Me lembro da batalha do leite, em que, para
sanar meu sofrimento – e deixar minha mãe satisfeita – era preciso fazer milk-shake as 6hs da manhã, garantindo o seu consumo. Lembro também de polvilhar canela e açúcar cristal na
banana em rodelinhas que eu comia na casa-da-vovó e que o requeijão era
consumido a colheradas como se fosse iogurte.
Dentre as memórias das tardes de inverno, quentinha, nas calças de flanela, me divertia assistindo as manchas de gordura que dançavam no chá... Apareciam toda vez que eu mergulhava o biscoito waffer. Sem nem me dar conta, lá se ia metade do pacote...
Para mim, bolinho de chuva tem gosto de férias de verão na
praia e brigadeiro de colher das tardes brincando de boneca.
Biscoito traquinas de morango, era o meu lanche preferido no
colegial e, nesta mesma época, quinta-feira era o dia de pizza de catupiry com
milho e Coca-cola!
Veja bem, antes de qualquer julgamento, que a verdade seja
dita: sempre comi bem – não muito, mas bem. Nunca dispensei salada (da alface à
alcaparra), nem legumes cozidos (do chuchu ao jiló – verdade mesmo!), nem as frutas (do
caju ao cajá), o pão integral, o queijo fresco, as castanhas e blá, blá, blá...
Na minha lancheira da escolinha, eu levava ervilha seca e pistache,
mas não negava um bolinho Ana Maria. Mais interessante, nunca fui forçada a
nada, sempre realizei as minhas escolhas de modo natural... Osmótico até.
Pois bem, hoje, quando considero as escolhas alimentares
(deles, delas e minhas... ) – para além do mero oficio, pois acho
impossível separar a pessoa do profissional que se é – me entristeço (como
eufemismo para “me desespero”).
O que é isso que
fazemos com “a dieta”? Que história é essa de “vestir” um corpo? Será que isso
sempre existiu, só eu que não tinha reparado? Aonde será que foi parar a nossa
liberdade de consumir algo “apenas” pelo prazer? Sem pensar em absolutamente
nada a não ser seu paladar?
Adoro minha profissão, sou absolutamente convicta de que não
existiria outra que me caísse tão bem. Sou muito feliz com as conquistas que
ela me proporciona, mas... Cá entre nós, tenho uma saudade enorme de quando eu comia
um pedaço de bolo de laranja e, tudo bem, se eu quisesse mais um, era só ir até
a cozinha pegar outro.

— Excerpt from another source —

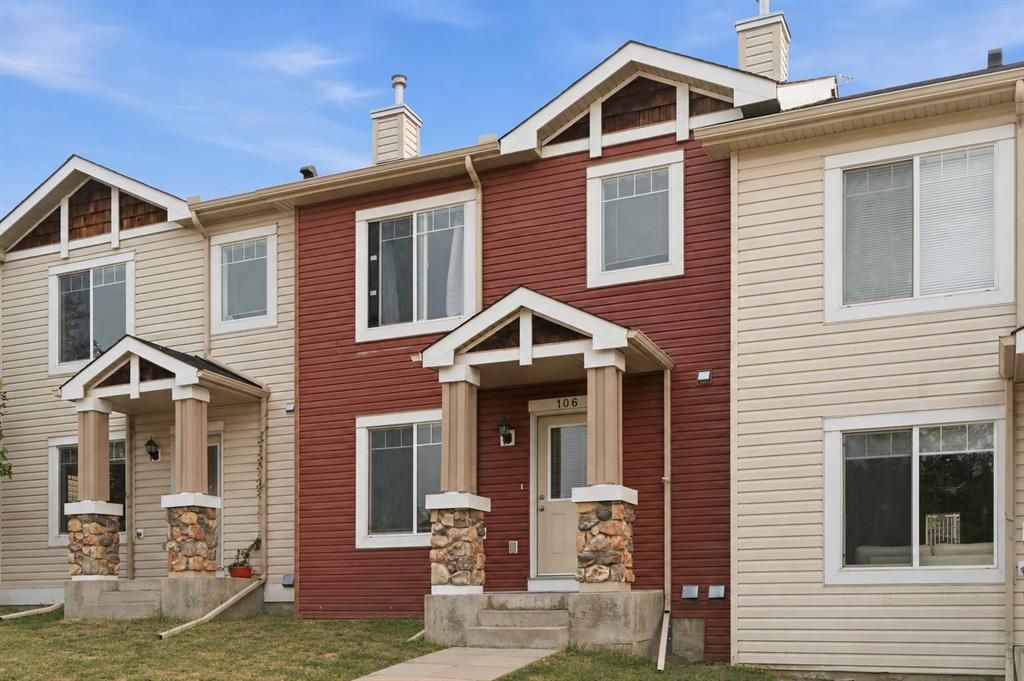 Picture for 106 Panamount Drive NW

Simples assim.
Mais ainda, tento, a cada dia, a cada consulta, a cada
artigo, a cada aula ministrada, reforçar (e talvez para mim mesma) que nutrição
– e, pasme, até mesmo a nutrição estética – não deve ser sinônimo de um corpo lindo
que, no entanto, mantém refém uma alma insatisfeita.
Que Papai do Céu me proteja e não me deixe ser um agente facilitador
da falta de liberdade, que limita o corpo e, mais ainda, o pensamento.